A alça – pesada de tanto conhecimento – enroscou-se em meu braço, o tranco da puxada me derrubou e fui arrastada por alguns metros pela moto.
Pernas, pés e costas esfoliados.
Cotovelo direito sangrando muito.

É interessante que uma ferida nos faça negligenciar as demais partes do corpo. Por algumas semanas, tive os movimentos limitados e tornei-me um cotovelo.

Ainda mais interessante é notar que uma ferida sempre atrai novas pancadas. O ferimento volta a ficar exposto, sofremos novos sangramentos e mais dor.

A marca deixada ainda não está totalmente cicatrizada.
Somente os machucados de infância desaparecem rapidamente.

...

Há pouco mais de dois anos sofri um ferimento de alma.
Dessas feridas sérias de adulto que não cicatrizam em algumas semanas. Tornei-me então, um coração machucado.
Como dita a regra, negligenciando as demais partes do todo.

Feridas sempre atraem novas pancadas – fotos, telefonemas e novas mentiras – destaparam por vezes o ferimento que voltava a sangrar e doer.

Mulheres grávidas, crianças que caminham de mãos dadas com seus pais, lojas de artigo infantil - olhos embaçados - uma mistura de lágrimas, sangue e paradas respiratórias.
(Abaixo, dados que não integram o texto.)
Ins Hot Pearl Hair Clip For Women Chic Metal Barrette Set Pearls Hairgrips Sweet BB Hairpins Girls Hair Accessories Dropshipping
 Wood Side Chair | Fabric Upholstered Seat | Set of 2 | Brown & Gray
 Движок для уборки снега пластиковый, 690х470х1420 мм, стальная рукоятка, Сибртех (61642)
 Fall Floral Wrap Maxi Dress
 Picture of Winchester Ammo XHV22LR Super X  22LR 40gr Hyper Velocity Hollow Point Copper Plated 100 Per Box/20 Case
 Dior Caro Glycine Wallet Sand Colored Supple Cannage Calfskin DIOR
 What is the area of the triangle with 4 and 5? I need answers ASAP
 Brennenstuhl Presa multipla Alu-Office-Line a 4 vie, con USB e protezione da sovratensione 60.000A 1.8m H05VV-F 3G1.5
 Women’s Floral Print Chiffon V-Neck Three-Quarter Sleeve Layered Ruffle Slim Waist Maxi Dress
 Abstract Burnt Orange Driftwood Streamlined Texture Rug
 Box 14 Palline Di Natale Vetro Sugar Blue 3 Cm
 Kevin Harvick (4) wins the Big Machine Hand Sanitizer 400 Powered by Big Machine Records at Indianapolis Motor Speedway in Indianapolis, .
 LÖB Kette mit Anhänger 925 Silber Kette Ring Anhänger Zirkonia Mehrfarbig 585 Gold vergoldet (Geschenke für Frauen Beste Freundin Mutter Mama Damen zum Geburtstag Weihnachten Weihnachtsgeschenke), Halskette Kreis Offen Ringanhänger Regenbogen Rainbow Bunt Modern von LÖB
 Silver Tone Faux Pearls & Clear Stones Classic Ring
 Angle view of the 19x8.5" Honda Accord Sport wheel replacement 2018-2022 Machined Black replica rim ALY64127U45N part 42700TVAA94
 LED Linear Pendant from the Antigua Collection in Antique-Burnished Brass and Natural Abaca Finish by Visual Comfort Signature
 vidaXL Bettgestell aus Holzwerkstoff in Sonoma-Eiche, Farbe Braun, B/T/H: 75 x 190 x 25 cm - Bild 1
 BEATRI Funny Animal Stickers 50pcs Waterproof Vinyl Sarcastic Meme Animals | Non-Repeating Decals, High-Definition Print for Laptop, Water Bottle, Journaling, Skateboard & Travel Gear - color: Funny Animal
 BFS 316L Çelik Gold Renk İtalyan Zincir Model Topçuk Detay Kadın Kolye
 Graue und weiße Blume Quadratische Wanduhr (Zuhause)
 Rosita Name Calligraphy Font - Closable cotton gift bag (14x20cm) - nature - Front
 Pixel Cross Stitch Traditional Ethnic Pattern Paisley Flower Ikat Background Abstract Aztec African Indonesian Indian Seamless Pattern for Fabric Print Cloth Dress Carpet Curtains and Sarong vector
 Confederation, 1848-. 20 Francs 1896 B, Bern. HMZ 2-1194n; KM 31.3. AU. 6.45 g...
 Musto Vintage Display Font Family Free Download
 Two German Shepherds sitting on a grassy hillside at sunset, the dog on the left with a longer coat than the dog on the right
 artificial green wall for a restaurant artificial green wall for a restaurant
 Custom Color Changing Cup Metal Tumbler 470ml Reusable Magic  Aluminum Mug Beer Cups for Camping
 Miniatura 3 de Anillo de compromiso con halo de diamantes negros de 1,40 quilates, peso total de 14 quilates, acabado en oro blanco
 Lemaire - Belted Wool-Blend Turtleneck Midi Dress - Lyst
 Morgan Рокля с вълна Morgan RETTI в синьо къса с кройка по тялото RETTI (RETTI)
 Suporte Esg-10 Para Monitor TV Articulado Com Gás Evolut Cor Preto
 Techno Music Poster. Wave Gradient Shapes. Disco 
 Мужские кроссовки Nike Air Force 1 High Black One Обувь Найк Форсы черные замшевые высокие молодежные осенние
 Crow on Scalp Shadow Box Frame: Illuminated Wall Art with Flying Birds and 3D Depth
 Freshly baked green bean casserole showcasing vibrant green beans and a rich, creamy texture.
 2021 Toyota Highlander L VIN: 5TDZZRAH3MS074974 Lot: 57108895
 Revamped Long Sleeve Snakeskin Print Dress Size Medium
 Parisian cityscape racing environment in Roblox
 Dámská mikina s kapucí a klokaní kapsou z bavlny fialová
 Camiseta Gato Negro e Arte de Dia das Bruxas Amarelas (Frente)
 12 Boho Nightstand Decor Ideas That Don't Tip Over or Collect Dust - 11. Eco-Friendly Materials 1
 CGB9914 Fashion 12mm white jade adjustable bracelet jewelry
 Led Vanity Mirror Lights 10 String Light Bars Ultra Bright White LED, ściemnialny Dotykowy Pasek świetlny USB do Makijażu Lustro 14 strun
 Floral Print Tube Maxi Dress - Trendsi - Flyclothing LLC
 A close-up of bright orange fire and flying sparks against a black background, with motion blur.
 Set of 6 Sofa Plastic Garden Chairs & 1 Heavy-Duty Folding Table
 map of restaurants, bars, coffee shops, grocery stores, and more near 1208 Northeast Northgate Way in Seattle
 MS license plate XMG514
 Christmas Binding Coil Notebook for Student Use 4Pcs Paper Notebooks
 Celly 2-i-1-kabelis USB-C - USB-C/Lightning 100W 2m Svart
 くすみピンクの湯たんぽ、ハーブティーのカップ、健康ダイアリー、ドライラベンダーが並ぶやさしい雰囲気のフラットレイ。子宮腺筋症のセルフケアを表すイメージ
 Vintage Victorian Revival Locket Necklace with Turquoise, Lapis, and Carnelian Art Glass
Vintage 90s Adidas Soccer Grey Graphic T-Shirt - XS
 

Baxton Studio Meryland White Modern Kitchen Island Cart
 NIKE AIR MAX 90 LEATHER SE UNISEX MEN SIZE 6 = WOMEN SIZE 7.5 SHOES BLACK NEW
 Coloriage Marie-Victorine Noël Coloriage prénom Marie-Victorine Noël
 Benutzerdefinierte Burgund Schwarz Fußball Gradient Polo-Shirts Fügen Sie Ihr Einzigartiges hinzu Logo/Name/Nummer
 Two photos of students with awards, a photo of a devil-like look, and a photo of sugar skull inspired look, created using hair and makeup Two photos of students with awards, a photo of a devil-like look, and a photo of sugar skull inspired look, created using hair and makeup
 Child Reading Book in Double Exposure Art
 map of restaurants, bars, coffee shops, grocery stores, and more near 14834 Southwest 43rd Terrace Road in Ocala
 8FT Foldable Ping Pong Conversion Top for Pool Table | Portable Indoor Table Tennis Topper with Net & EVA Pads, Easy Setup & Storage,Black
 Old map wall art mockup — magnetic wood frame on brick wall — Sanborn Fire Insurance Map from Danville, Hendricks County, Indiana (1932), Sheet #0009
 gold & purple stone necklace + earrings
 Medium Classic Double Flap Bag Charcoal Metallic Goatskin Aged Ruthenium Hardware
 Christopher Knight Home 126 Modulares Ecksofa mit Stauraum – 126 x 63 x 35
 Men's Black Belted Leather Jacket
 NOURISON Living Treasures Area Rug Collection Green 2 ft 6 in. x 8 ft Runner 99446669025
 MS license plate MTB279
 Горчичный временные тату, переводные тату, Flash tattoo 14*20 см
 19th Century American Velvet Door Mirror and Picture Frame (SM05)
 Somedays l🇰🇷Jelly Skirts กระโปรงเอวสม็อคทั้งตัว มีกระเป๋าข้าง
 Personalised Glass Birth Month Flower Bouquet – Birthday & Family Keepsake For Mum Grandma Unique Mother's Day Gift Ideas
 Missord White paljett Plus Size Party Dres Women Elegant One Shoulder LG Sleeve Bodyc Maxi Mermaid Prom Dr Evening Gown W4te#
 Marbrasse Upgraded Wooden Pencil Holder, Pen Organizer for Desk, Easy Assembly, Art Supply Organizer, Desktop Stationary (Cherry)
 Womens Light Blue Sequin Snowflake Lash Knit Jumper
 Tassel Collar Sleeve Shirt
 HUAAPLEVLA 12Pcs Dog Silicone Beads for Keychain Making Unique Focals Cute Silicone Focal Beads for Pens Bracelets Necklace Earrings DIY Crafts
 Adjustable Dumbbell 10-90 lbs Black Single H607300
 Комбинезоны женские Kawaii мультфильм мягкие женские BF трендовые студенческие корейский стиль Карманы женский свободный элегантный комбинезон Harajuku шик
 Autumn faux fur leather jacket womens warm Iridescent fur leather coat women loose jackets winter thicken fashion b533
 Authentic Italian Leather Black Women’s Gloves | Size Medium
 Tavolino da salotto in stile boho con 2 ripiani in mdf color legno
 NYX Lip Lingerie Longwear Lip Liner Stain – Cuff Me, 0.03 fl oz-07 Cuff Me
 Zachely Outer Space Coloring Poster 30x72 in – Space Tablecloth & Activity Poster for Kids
Examinando esta semana meu estado de alma – após uma nova escoriação – pude perceber que a ferida ainda dói, mas cada vez mais se parece com uma cicatriz.

...

Cicatrizes não sangram e não doem.
São um memorial tatuado em nossas peles que ajudam a contar histórias.
Quem fomos e como chegamos a quem somos.
Símbolos - como cruzes que deixamos na estrada.